[Biopython-dev] Bio.GFF and Brad's code

Tue Apr 14 10:36:03 UTC 2009

--- On Mon, 4/13/09, Brad Chapman <chapmanb at 50mail.com> wrote:
> A normal use case would be:
> 
> - Use SeqIO to parse a FASTA file with the sequences =>
> SeqRecords
> - Use the GFFParser to add features from a separate GFF
> file to the  SeqRecords. These are SeqFeatures, added to
> the right records and nested in a parent/child relationship
>  as appropriate.

Usually, when I use a GFF file I either don't have an associated Fasta file, or I am not particularly interested in the original sequences. So while this approach is useful for some people, in its current form it's not exactly generally usable.

First, let's discuss how to represent the information contained in a GFF file. SeqRecords are good if the GFF file is associated with a Fasta file (or contains the sequence itself), but if not it seems to be a bit awkward. How about the following (and I think Peter was hinting at the same idea):

The actual parser lives in Bio.GFF, and produces Bio.GFF.Record objects that closely resemble the GFF file structure.
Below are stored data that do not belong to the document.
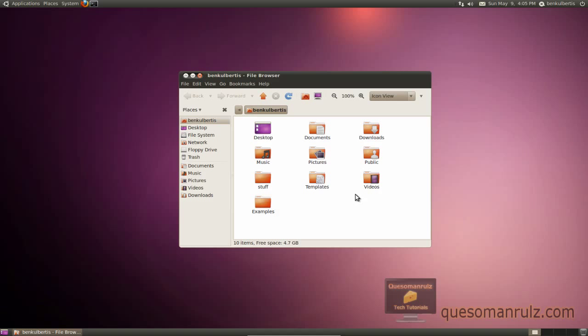Hello everyone, KSMN Rules here. What you're looking at right now is Ubuntu 10.04.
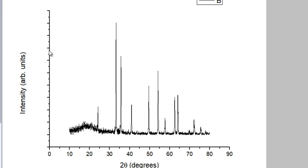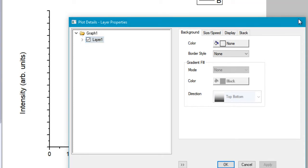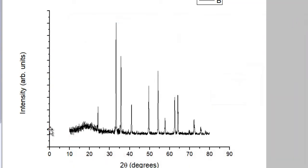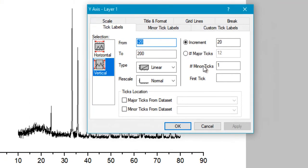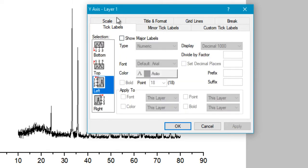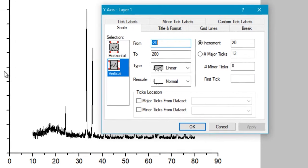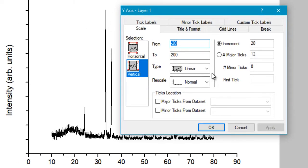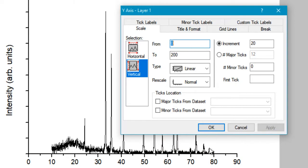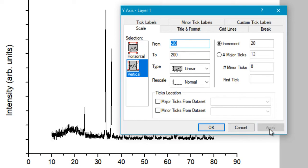You can also control the number of minor and major tick labels visible on the axis. Double-click on the axis, select 'Tick Labels,' and here you can set the number of minor ticks — currently set to one, so select zero and click Apply to remove them. You can also set the Y axis range; currently it starts from minus 20, but you can choose zero instead. Usually it's better to keep that small offset, so I'll leave it at minus 20.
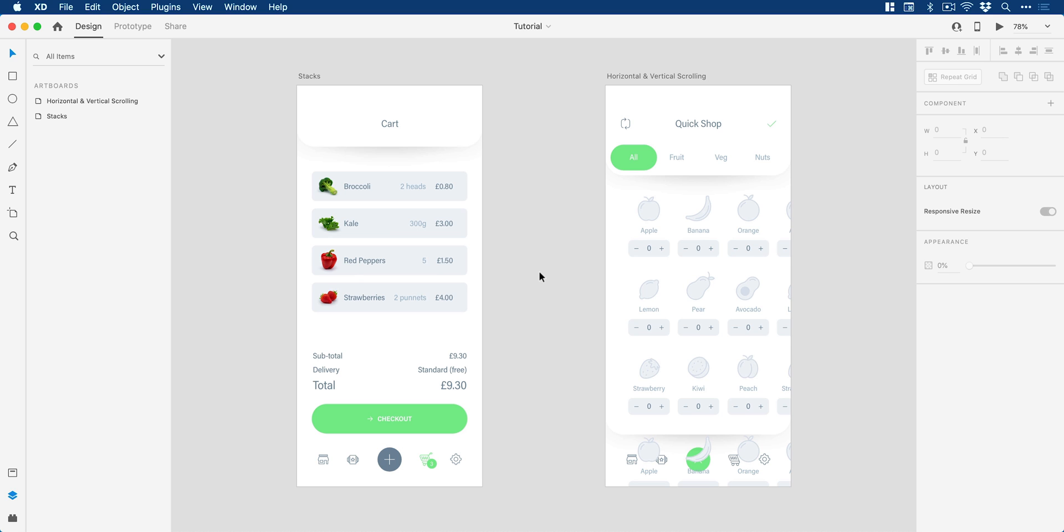So we're now in Adobe XD and we're going to start with Stacks first of all. We have this artboard over here on the left. Now Stacks are a great way to easily reorder content both horizontally and vertically.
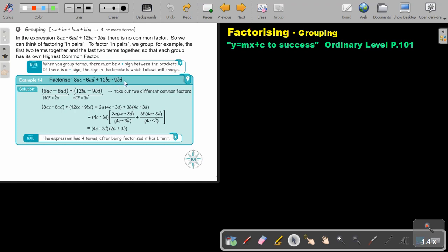Looking at this expression, there are four terms. If I take out a common factor 2A out of the first two, I cannot take 2A out of the next two. So I take a different common factor, 3B. I took out 2A and divided to get the result, then took out 3B and divided to get that result. Then I take out the bracket as a common factor, divide, and this will be my final answer.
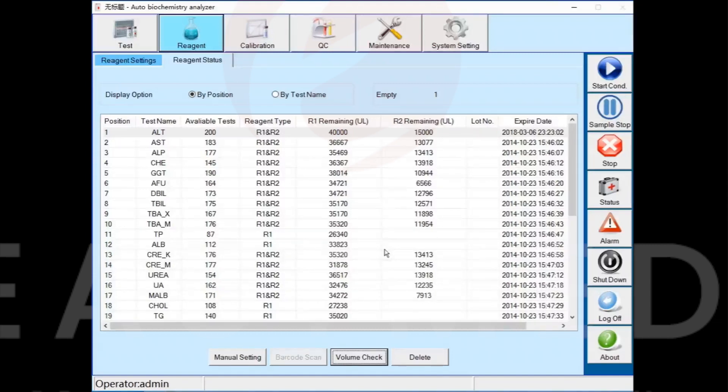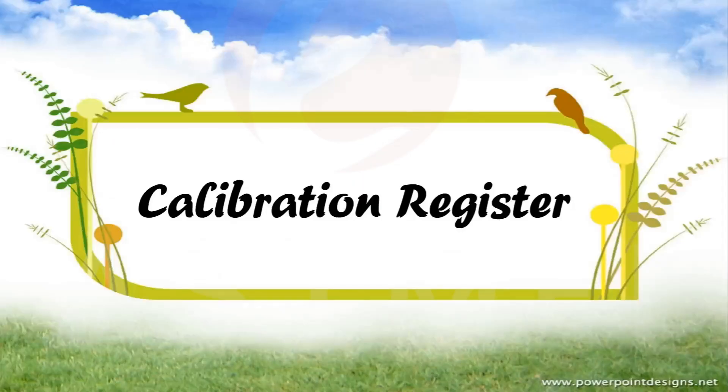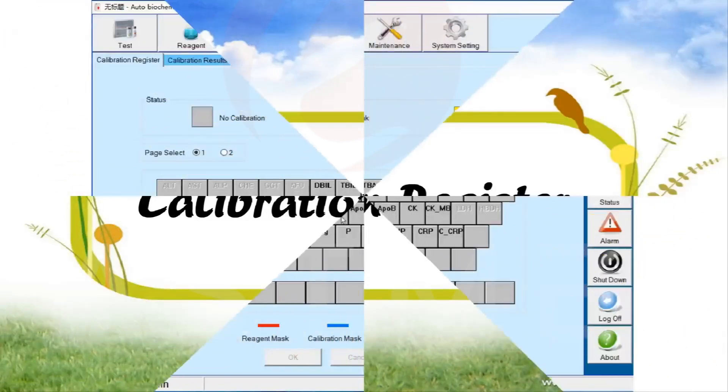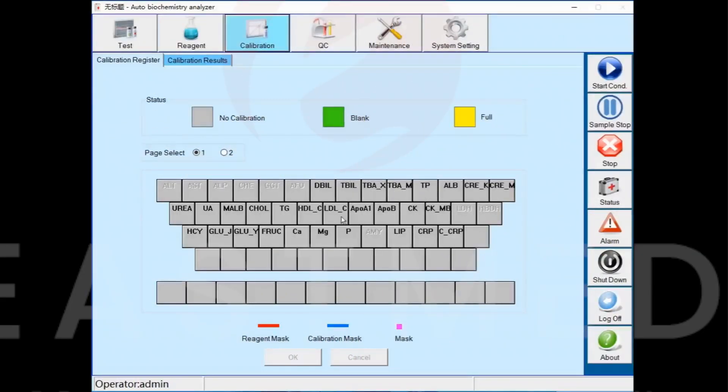Sixth part: Calibration Registration. Go to the Calibration interface to register.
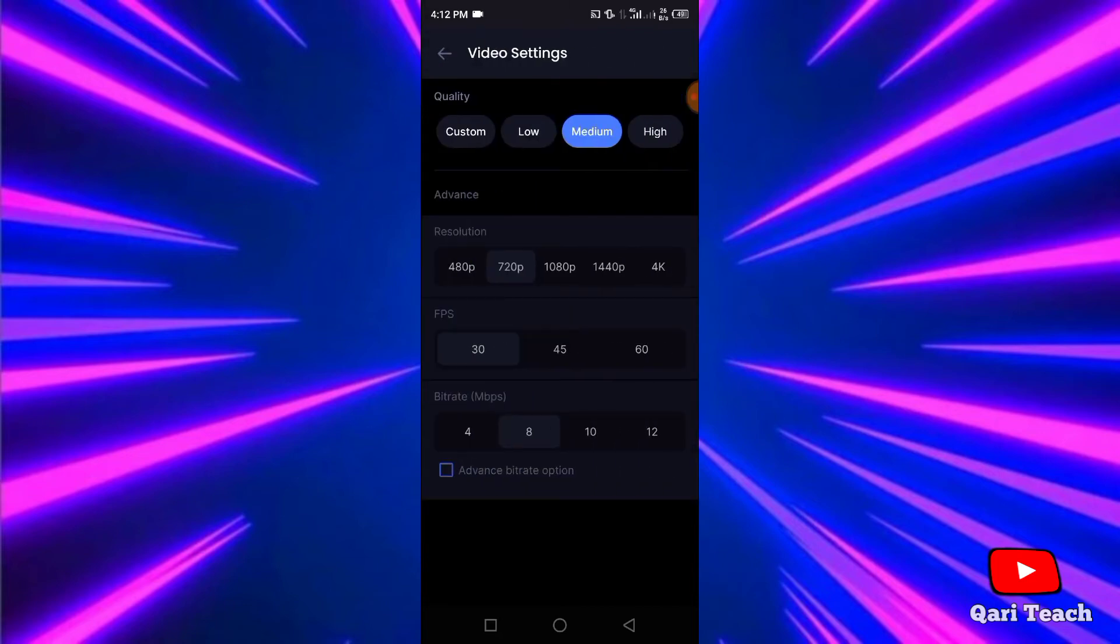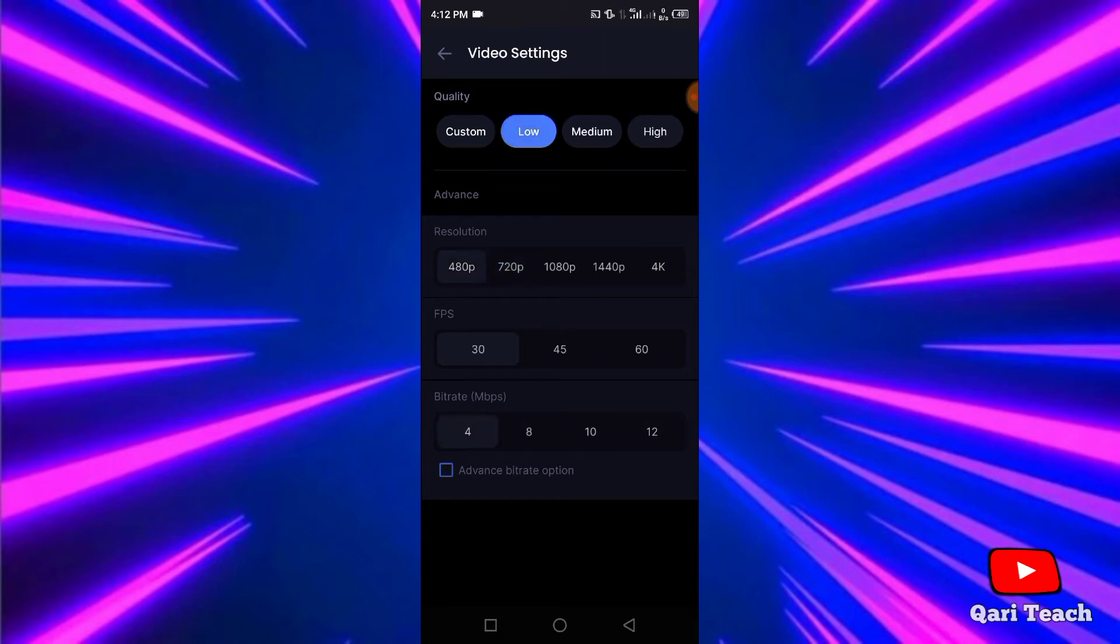But if your phone is high-level phone, like 4GB RAM or 6 or 8, you can change the video resolution to 4K and 60fps.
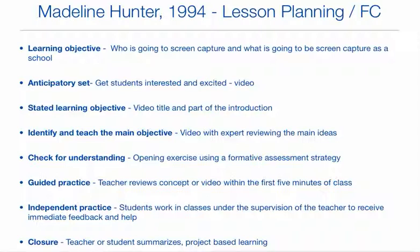Let's take a look at how creating a video in the Flip classroom starts to look, especially with lesson planning. When you're looking at the learning objective, when you meet with teachers and discuss who's going to do the video, what standards are you going to teach during that video — you're looking at national standards, you're looking at state standards. Identifying the learning objective and who's going to teach it is part of the Madeline Hunter process.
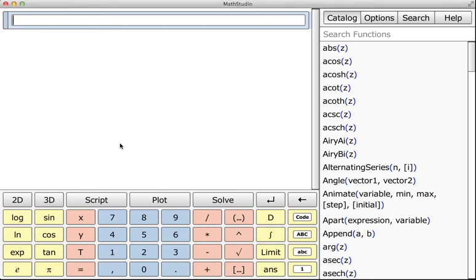Very briefly, I want to go over how to create your own script. This is a way to write a function, input a couple of variables, and then output an answer.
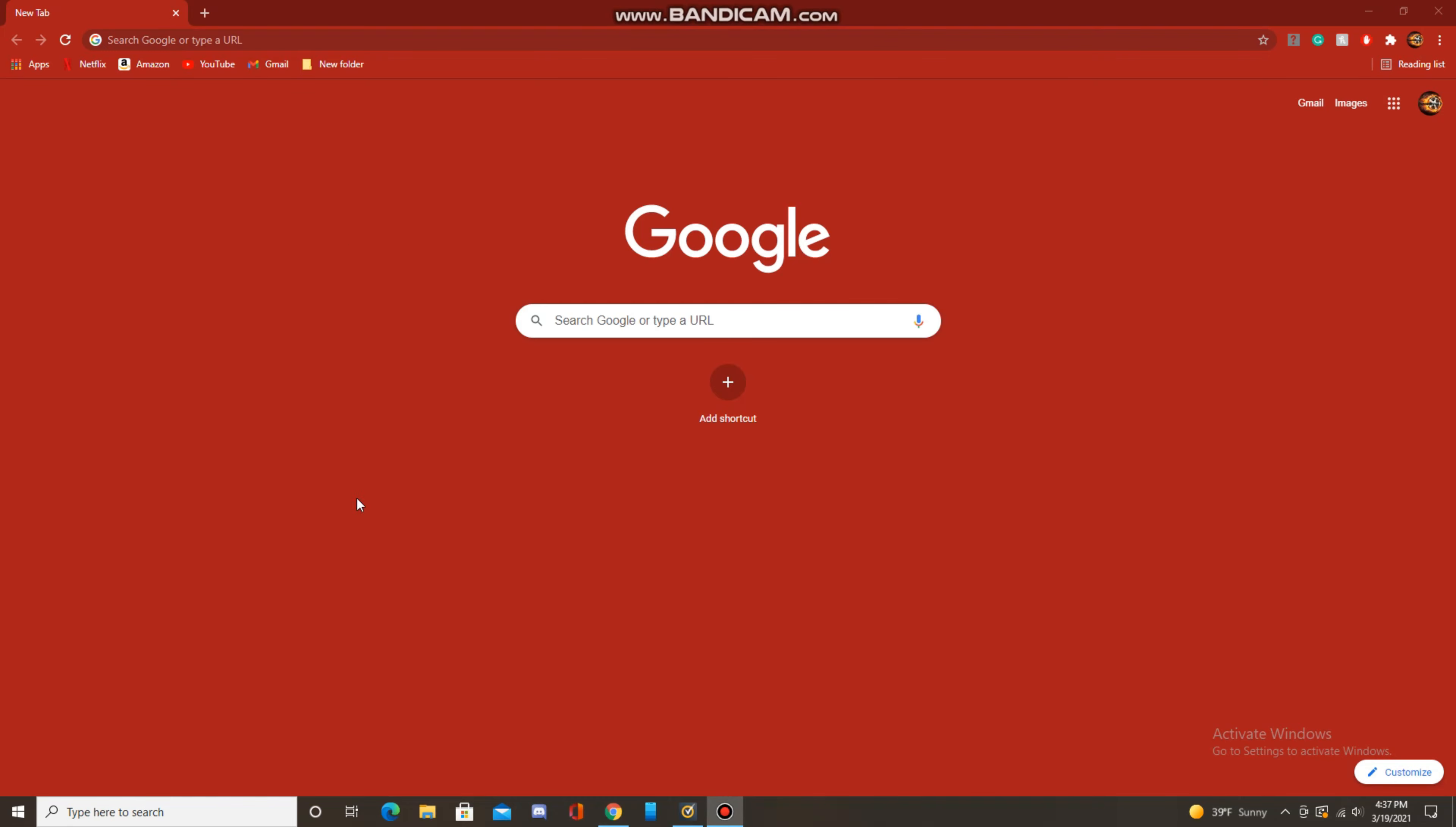So let's get started. First of all, you'll want to make sure that you have Google Chrome open, and then click on the three dots at the top right.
For example, we use the GFF specified fields (<seqname> <source> <feature> <start> <end> <score> <strand> <frame> [attributes] [comments]) as attributes to Bio.GFF.Record objects.

Bio.SeqIO then uses the parser in Bio.GFF, and puts its information in the appropriate fields of a SeqRecord. Here, we have to think about two cases: Simply creating a SeqRecord based on the GFF file, and adding the information in the GFF file as annotations to a pre-existing set of SeqRecords. (I am not sure if we need a separate function for that, or, as Peter suggested, let the user do that himself, guided by some examples in the documentation).

Users then have a choice to use Bio.SeqIO to get SeqRecords, or Bio.GFF to see the "raw" GFF data, depending on their needs.

How does that sound?

--Michiel